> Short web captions
———

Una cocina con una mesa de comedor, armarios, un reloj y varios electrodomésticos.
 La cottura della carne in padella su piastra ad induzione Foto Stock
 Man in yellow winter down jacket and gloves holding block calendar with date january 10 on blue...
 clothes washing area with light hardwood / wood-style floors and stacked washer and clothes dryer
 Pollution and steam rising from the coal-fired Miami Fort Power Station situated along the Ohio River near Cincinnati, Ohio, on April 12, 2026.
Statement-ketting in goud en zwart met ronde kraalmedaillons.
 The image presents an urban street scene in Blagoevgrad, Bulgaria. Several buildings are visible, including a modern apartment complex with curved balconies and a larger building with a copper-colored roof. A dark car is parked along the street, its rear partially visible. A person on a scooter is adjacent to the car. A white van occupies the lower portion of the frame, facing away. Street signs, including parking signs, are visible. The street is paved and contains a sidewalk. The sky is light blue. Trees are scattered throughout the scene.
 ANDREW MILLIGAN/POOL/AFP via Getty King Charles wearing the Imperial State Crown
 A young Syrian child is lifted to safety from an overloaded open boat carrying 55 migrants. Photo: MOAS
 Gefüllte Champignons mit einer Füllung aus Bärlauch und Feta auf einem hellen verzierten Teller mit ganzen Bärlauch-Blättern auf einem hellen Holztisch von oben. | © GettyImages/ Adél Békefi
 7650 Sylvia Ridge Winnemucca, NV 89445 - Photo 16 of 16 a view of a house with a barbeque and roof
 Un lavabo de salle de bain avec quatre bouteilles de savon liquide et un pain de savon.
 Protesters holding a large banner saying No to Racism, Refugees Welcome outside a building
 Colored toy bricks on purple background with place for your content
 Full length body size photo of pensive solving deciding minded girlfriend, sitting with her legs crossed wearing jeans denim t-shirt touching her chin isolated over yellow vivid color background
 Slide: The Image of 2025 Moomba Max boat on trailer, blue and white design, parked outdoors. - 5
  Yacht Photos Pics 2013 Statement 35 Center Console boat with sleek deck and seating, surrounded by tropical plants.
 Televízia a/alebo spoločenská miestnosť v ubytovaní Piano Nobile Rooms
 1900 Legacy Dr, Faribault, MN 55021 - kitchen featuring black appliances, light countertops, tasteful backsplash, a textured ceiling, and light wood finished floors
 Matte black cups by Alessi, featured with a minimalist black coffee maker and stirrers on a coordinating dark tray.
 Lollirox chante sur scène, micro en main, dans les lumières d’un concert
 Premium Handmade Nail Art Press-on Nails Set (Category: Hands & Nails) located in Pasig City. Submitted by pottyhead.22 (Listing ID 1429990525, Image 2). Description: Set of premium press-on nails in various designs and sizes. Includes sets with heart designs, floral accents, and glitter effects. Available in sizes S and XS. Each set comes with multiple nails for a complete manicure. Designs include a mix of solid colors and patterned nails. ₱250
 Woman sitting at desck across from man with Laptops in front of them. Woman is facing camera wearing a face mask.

———

> What to produce
Return a copy of every line in the records that includes the string "sitting".

> Your solution
 Full length body size photo of pensive solving deciding minded girlfriend, sitting with her legs crossed wearing jeans denim t-shirt touching her chin isolated over yellow vivid color background
 Woman sitting at desck across from man with Laptops in front of them. Woman is facing camera wearing a face mask.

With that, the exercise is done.